If it's as healthy as it's touted to be, how much should you have?
Raw Pressery says, "As with any other product, we still advice, to not overuse the lemonade and keep it up to two bottles a day as it stimulates detoxification." Fair enough. But, when should you as a consumer know when you have had enough? No one really knows. Khushalani advises caution. "Everything should be done in moderation, even though activated charcoal can have beneficial properties, it can also harm — charcoal exists in barbecued products and there are reports that caution against eating these foods as they release carcinogens in the body, it all depends on the mechanism and type of activation."
Shine like a diamond
Every few years, a new superfood takes over the collective consciousness of society. So what makes an ingredient "super"? Brand strategist Ambi Parameswaran says at one time it was lemon. "I remember my father-in-law telling me that the price of lemons had shot up. Because it was being used everywhere, in soaps, creams and cleaners. It starts with one brand and if it's a success, it means that the consumer knows the ingredient. This is followed by desperate land grabbing and there will be 20 products with it. A couple will be a success and will stay on. Others will jump on to the next bandwagon. That's what's happening with activated charcoal." Yet, when it comes to food and what people are ingesting, who gets to decide what's okay? The Food Safety and Standards Authority of India (FSSAI).
Yet, confusion prevails. While Raw Pressery confirms that they have the FSSAI permits to include activated charcoal in their drinks along with other ingredients, FSSAI isn't so sure. FSSAI CEO Pawan Agarwal, says that the ingredient has been okayed by FSSAI's scientific panel as safe for human consumption. "It has been sent for approval post which it can be used in edible products in the market." Once this is done, FSSAI will indicate how much activated charcoal can go inside 100 ml of a drink, or a burger.

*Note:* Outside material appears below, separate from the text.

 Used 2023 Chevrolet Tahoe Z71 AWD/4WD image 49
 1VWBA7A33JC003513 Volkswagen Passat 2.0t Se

This throws up a grey area around an ingredient that everyone thinks is suited for them. Macrobiotic nutritionist, chef and instructor Shonali Sabherwal says FSSAI hasn't caught up with India's hurtling health revolution. Products that use 'superfoods' should come with health advisory. Speaking of a client, she says, "She suffered from Irritable Bowel Syndrome (IBS) and came to me with severe cramps. Turns out that she'd had kombucha because she thought it was healthy. But the drink contains some amount of sugar which wasn't good for her. Similarly, what if people with kidney or liver disease can't have activated charcoal? Shouldn't products have warnings? A 'healthy' product without taking into account specific health conditions, and mentioning it on the package may not be suitable to all."
Let's come back to the basics. Do we need activated charcoal in the first place? Dr Baviskar from the ER, says the body may not need detox drinks. "If you have a healthy liver and kidney and are hydrating well, your body is capable of getting rid of toxins in various ways. The human body has a complex mechanism, and will do fine on its own "with good healthy habits".